Lemmy has also worked with a number of other musicians over his career, and occasionally guests with Hawkwind. He wrote the song "R.A.M.O.N.E.S" for the Ramones, which he still plays in his live sets as a tribute to the band. He was brought in as a songwriter for Ozzy Osbourne's 1991 No More Tears album, providing lyrics for the tracks "Hellraiser", (which Motörhead would later record themselves and release a single), "Desire", "I Don't Want to Change the World", and the single "Mama I'm Coming Home". Lemmy has noted in several magazine and television interviews that he made more money from the royalties of that one song than he had in his entire time with Motörhead. After being diagnosed with Type-2 diabetes in 2000, which led to a brief hospitalisation, Lemmy again appeared with Motörhead at WrestleMania 17. Lemmy published his autobiography, White Line Fever in November 2002. In 2005, Motörhead won their first Grammy in the Best Metal Performance category with their cover of Metallica's "Whiplash". He currently lives in a two room apartment in Los Angeles, two blocks away from his favourite hangout the Rainbow Bar and Grill.
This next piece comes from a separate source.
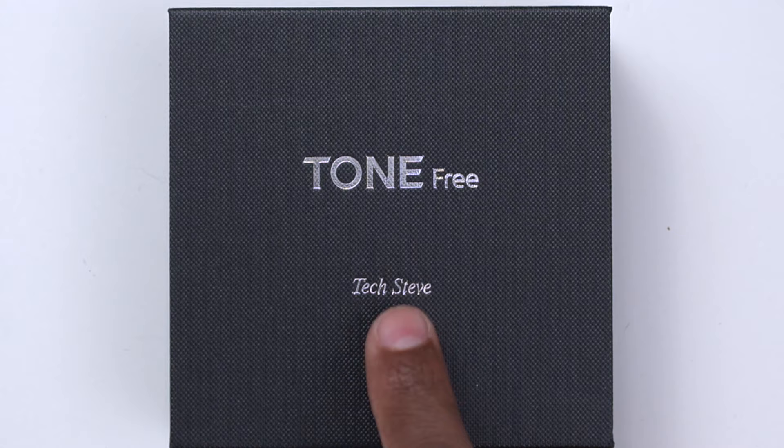Hey everyone, I'm Tech Steve and on today's video I'm going to show you guys the new LG Tone Free Elf N6. LG reached out to me to do this video, and I want to give a special thank you because LG actually had my name put on the box. In this video I'm going to show you the application you can download, we're going to do some sound tests, as well as show you some new technologies built into these earbuds. So sit back and relax and let's get started.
An officially licenced Lemmy figurine has been produced. Available as a "regular" or "special" edition, Lemmy recalls: I had to stand on this platform while the camera went around and did the hologram thing and then they made the model, only smaller. They said it's an action figure, and I said, 'So, you're gonna put a dick on it?' They said, 'No.' I said, 'Well, then it's not going to get much action then, is it?' A bad name for it, right? Lemmy appeared as an unlockable character in the game Guitar Hero: Metallica. He also stars as a character in Brütal Legend named Kill Master, whom he voices. In October 2009 it was announced that he had been involved in recording a cover of "Stand by Me" featuring Lemmy on vocals and bass, Dave Lombardo of Slayer on drums and produced by DJ and producer Baron. The song was made for legendary Pro Skateboarder Geoff Rowley.

Lemmy appeared on the song "Doctor Alibi" from Slash's self-titled solo album. In 2011 Lemmy appeared on the song Debauchery As A Fine Art from Michael Monroe's new solo album called Sensory Overdrive.